**Task item:** From the top of the entries, reproduce each line exactly, stopping after the line that contains "HOURGLASS KNEE SLEEVES". Omit pictures.

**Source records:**
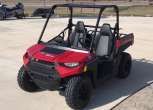 Quad Polaris Ranger 150 atv światła ledowe z przodu kolor czerwony klatka bezpieczeństwa pasy paka załadunkowa felgi stalowe czarne fotele wersja dla dwóch osób Korbanek.pl
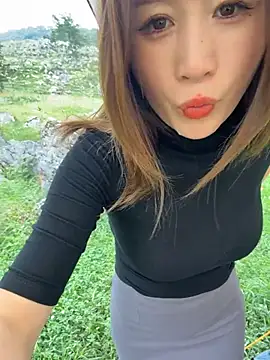 qin205205 webcam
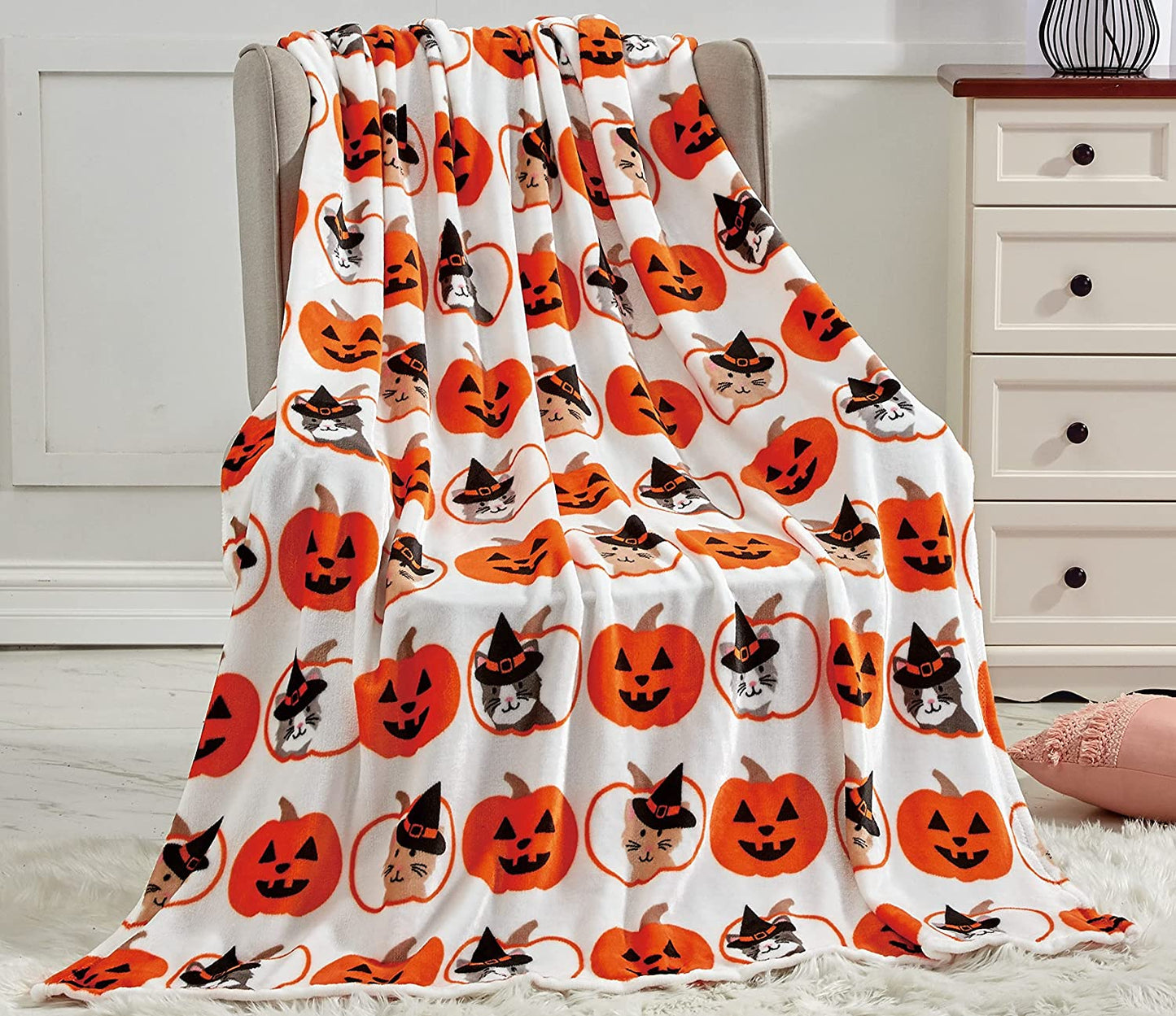 Décor&More Happy Halloween Microplush Throw Blanket (50" x 60")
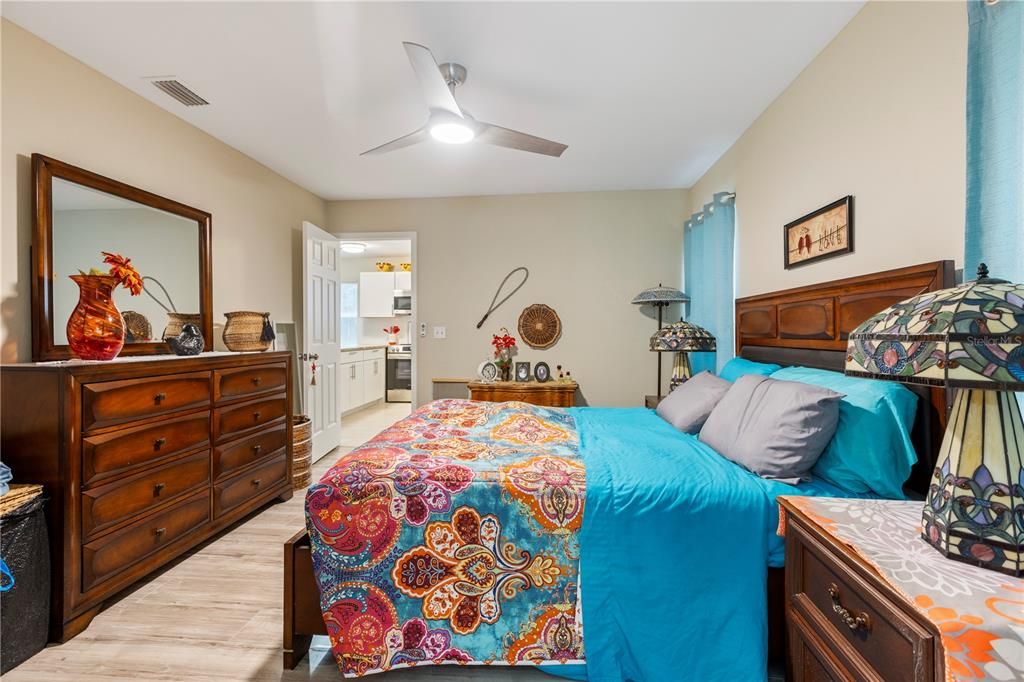 For Sale: $269,000 (3 beds, 2 baths, 1284 Square Feet)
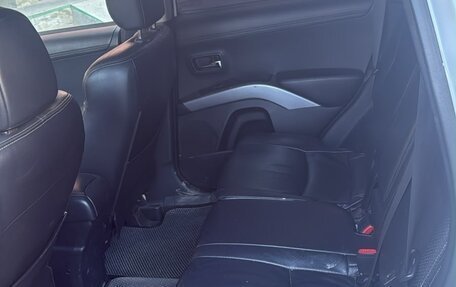 Mitsubishi Outlander III рестайлинг 3, 2011 год, 1 150 000 рублей, 9 фотография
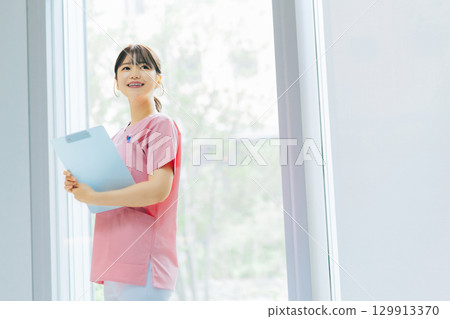 Smiling female nurse 129913370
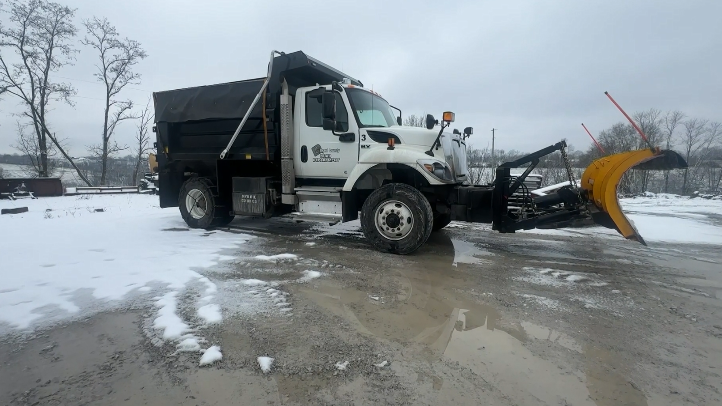 Northern Kentucky road crews prepare for incoming winter storm Saturday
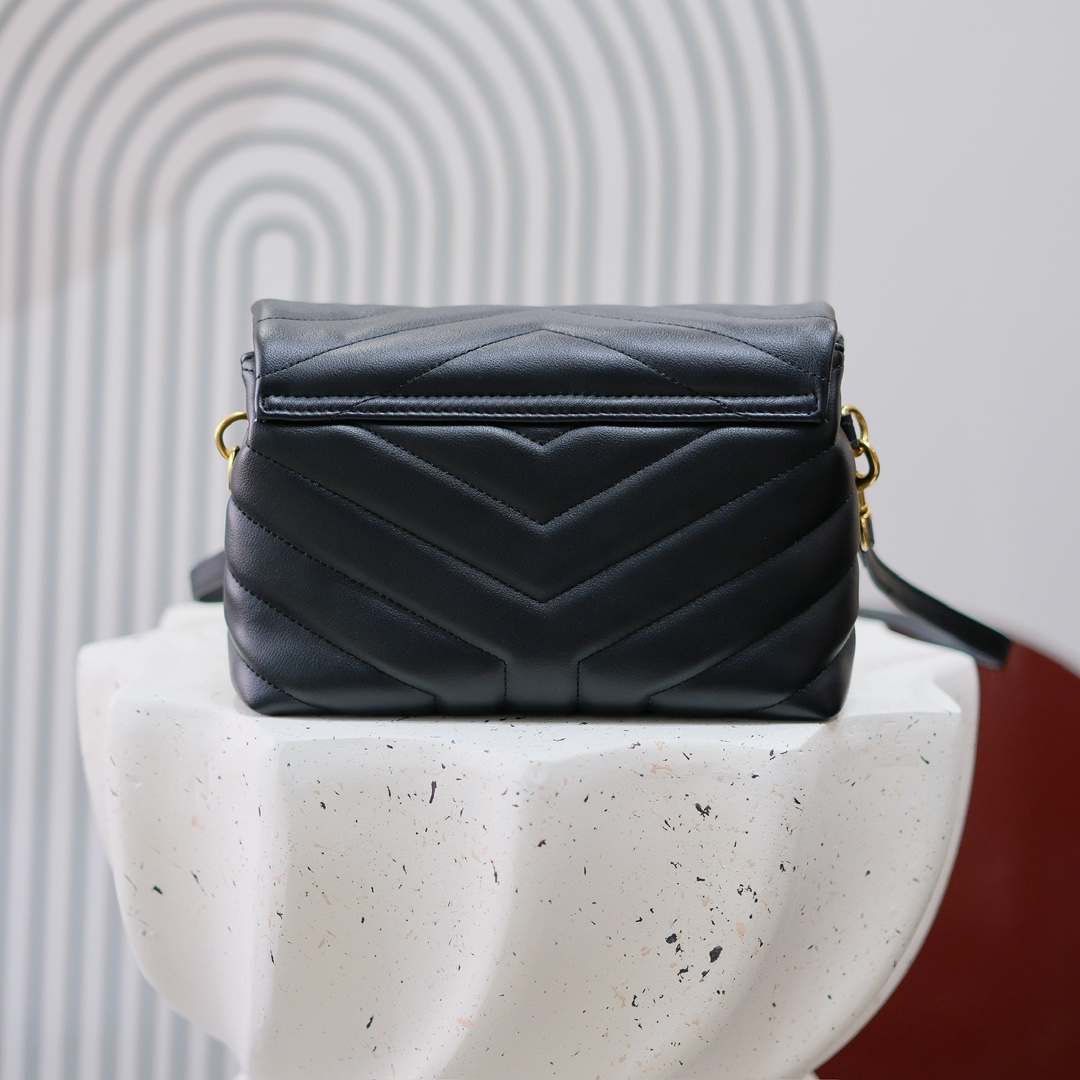 款号：5311   黑扣 银扣 金扣
LOULOU PUFFER 绗缝小羊皮包，100%小羊皮制作，手感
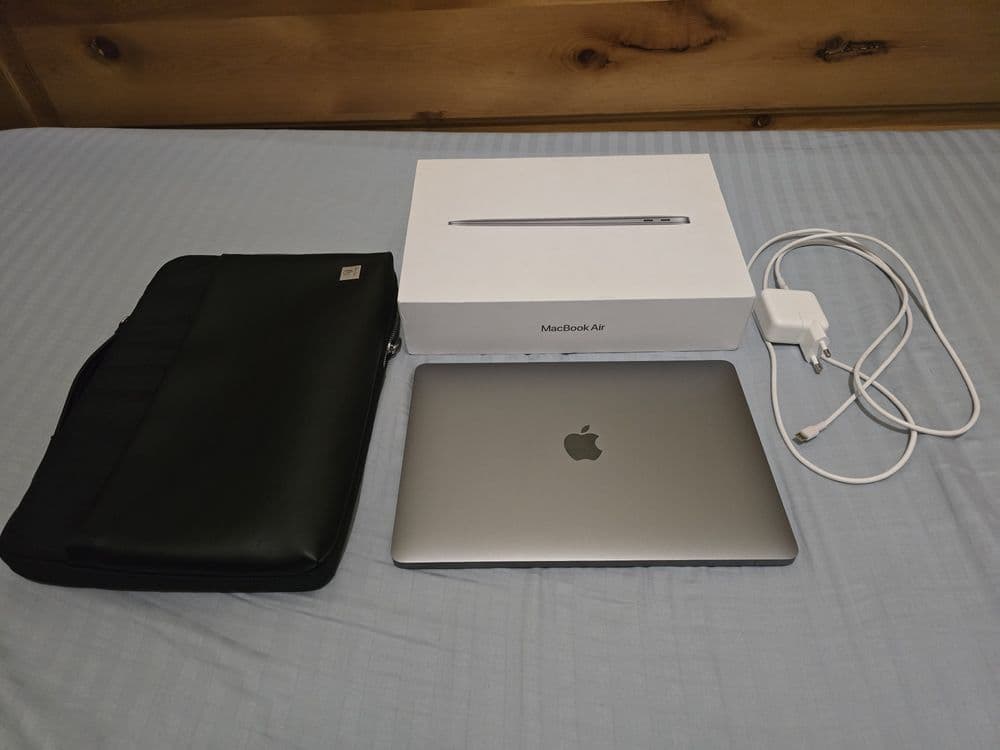 Macbook air 2020 i3 идеал холатда 132 цикл — 4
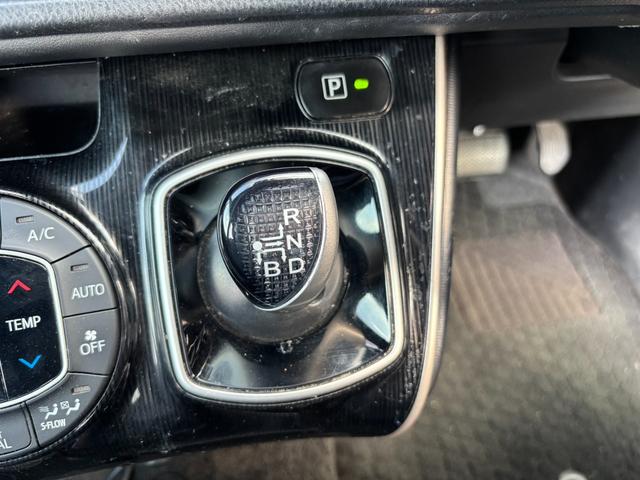 エスクァイア ハイブリッドGi ブラックテーラード Bluetooth ETC フリップダウンモニター バックカメラ クルーズコントロール 両側電動スライドドア プッシュスタート サンシェード オートエアコン オートライト スマートキー(24枚目)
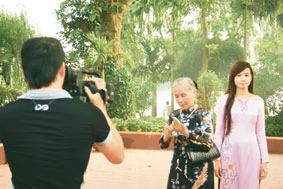 Đoàn làm phim đang quay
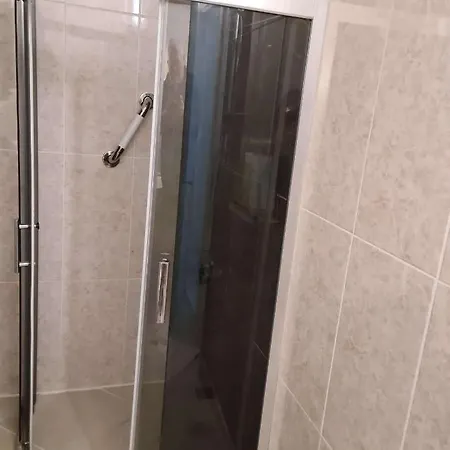 Apartment Stunning 2-bed Luxury With Pool *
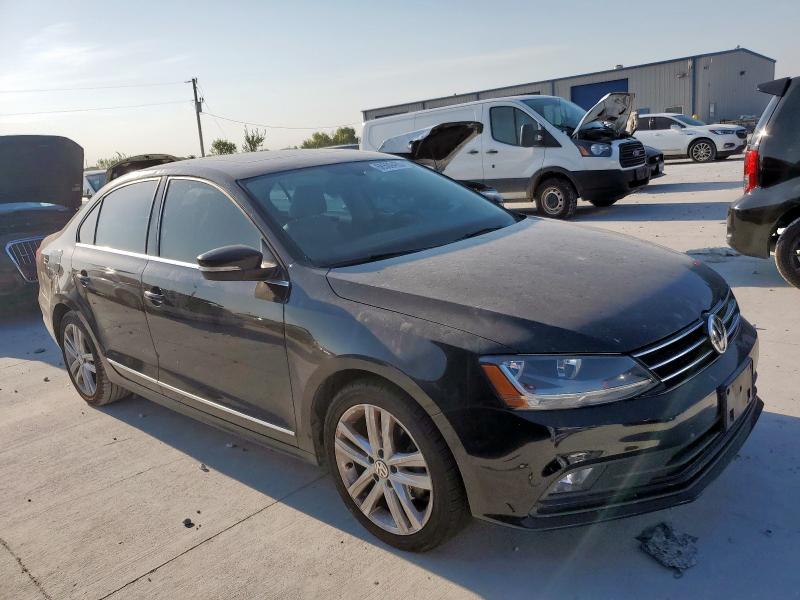  VOLKSWAGEN JETTA 2017 Black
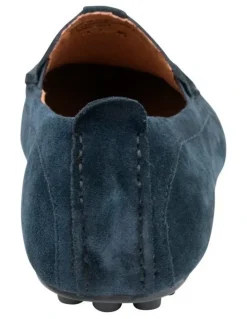 Florsheim Corona Driver Shoe in Dark Navy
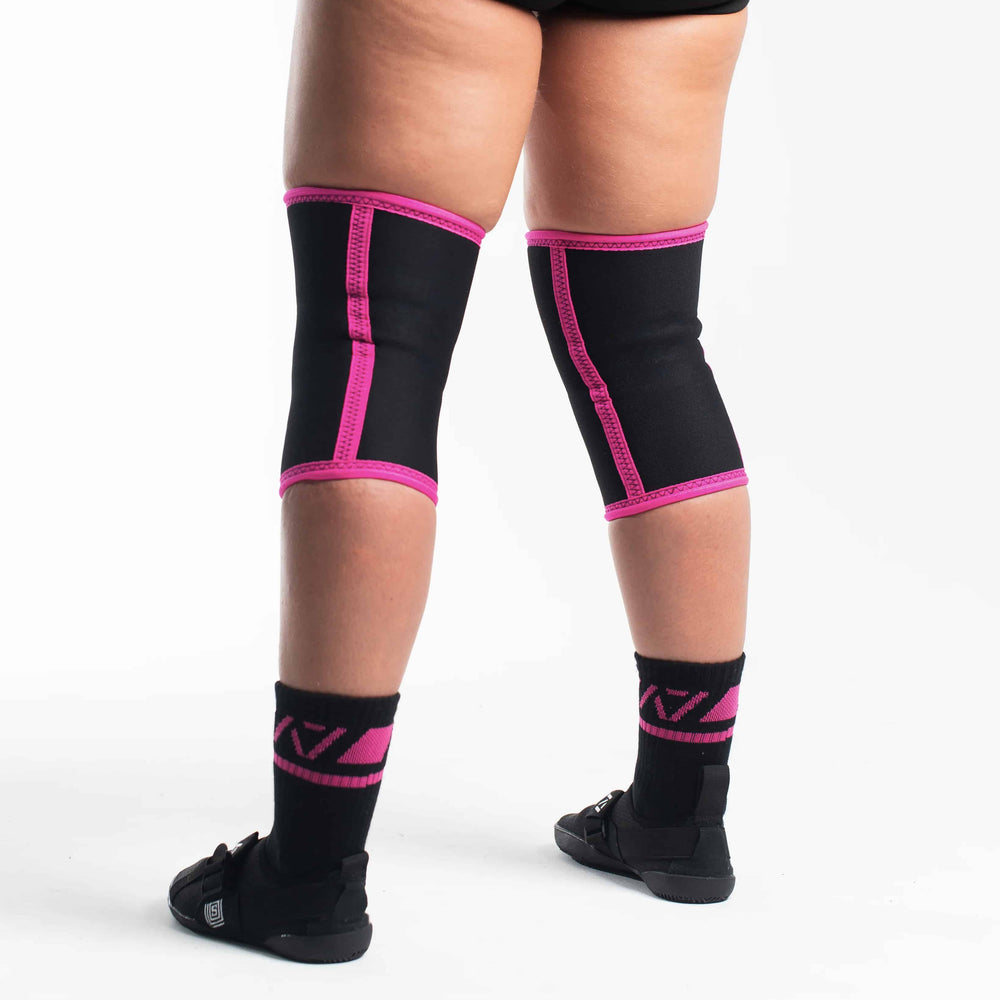 
                      
                        HOURGLASS KNEE SLEEVES - FLAMINGO
                      
                    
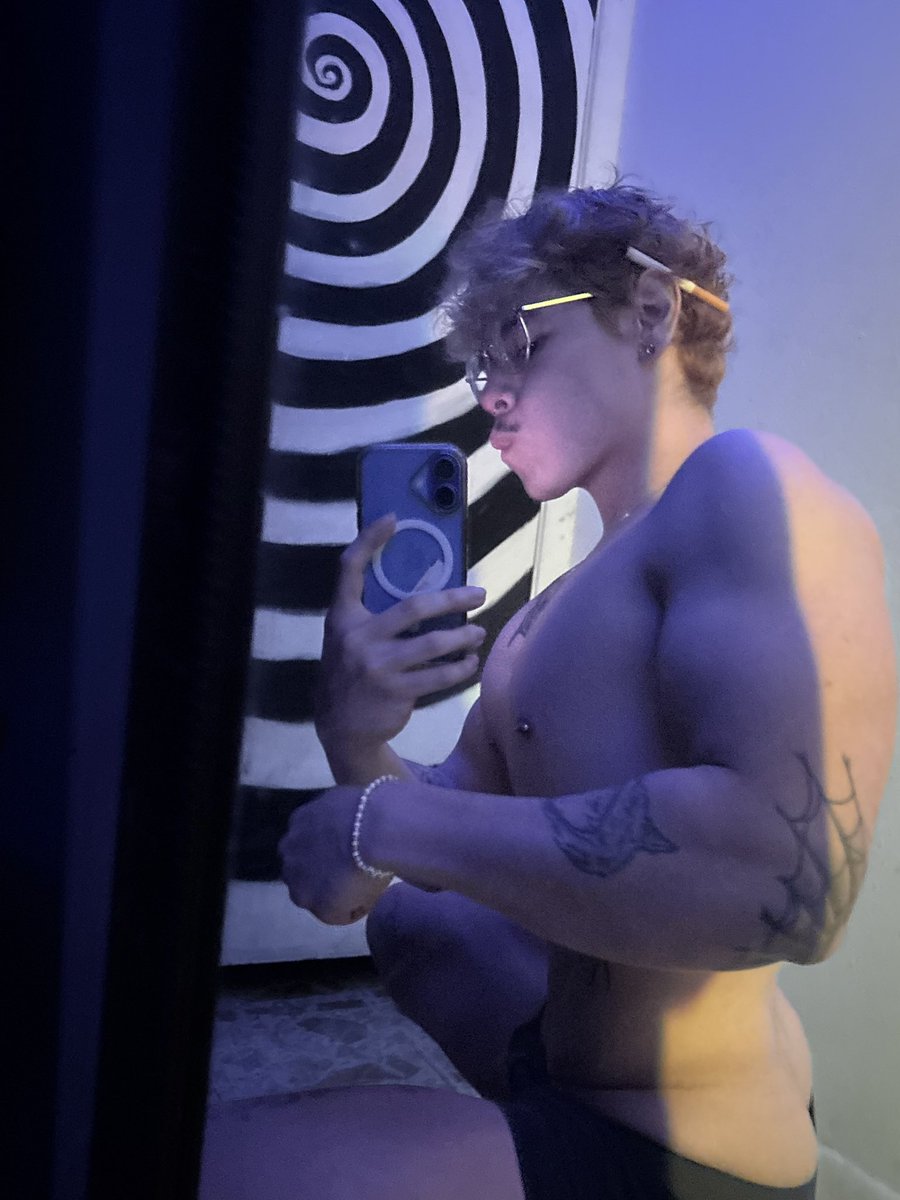Jaysbiography's tweet photo. Meow https://t.co/IYoQYtfUEz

**Answer space:**
 Quad Polaris Ranger 150 atv światła ledowe z przodu kolor czerwony klatka bezpieczeństwa pasy paka załadunkowa felgi stalowe czarne fotele wersja dla dwóch osób Korbanek.pl
 qin205205 webcam
 Décor&More Happy Halloween Microplush Throw Blanket (50" x 60")
 For Sale: $269,000 (3 beds, 2 baths, 1284 Square Feet)
 Mitsubishi Outlander III рестайлинг 3, 2011 год, 1 150 000 рублей, 9 фотография
 Smiling female nurse 129913370
 Northern Kentucky road crews prepare for incoming winter storm Saturday
 款号：5311   黑扣 银扣 金扣
LOULOU PUFFER 绗缝小羊皮包，100%小羊皮制作，手感
 Macbook air 2020 i3 идеал холатда 132 цикл — 4
 エスクァイア ハイブリッドGi ブラックテーラード Bluetooth ETC フリップダウンモニター バックカメラ クルーズコントロール 両側電動スライドドア プッシュスタート サンシェード オートエアコン オートライト スマートキー(24枚目)
 Đoàn làm phim đang quay
 Apartment Stunning 2-bed Luxury With Pool *
  VOLKSWAGEN JETTA 2017 Black
 Florsheim Corona Driver Shoe in Dark Navy
                      
                        HOURGLASS KNEE SLEEVES - FLAMINGO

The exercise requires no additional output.